Реформа попечителя Пирогова, случившаяся на второй год после моего поступления в гимназию, произвела полный переворот в нашей гимназической жизни. До сих пор живо представляется мне этот по виду невзрачный старичок -- с большой лысиной и несколько косыми, строгими, как мне показалось тогда, глазами. Он вошел в наш класс во время урока русского языка и, сев в кресло, принесенное нарочно для него, просидел до конца урока молча. Но надо было видеть, что происходило в то время с нашим Антониковским.
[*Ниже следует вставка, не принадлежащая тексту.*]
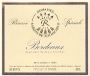 Barons de Rothschild Reserve Speciale Bordeaux Blanc 2003 Front Label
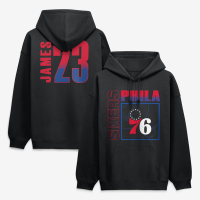 Толстовка Philadelphia 76ers LeBron James Black Home Court Pop Name & Number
Он не в состоянии был произнести ни одного слова твердо и отчетливо и стал заикаться.
-- Го-го-сподин Якубце! -- вызвал Антониковский одного из учеников для ответа.
Антониковский спутался: привыкши для забавы
Якова Максианозича называть "Якубцей" (от Яков -- уменьшительное Якубце), теперь в присутствии попечителя он не мог сразу вспомнить фамилию ученика.
-- Господин Якубце Максианович, -- поправился бедный Антониковский. Пирогов не пошевельнулся: с тем же строгим выражением смотрели его несколько косые глаза. Но дети буквально ликовали в ту минуту, глядя на нашего растерявшегося учителя.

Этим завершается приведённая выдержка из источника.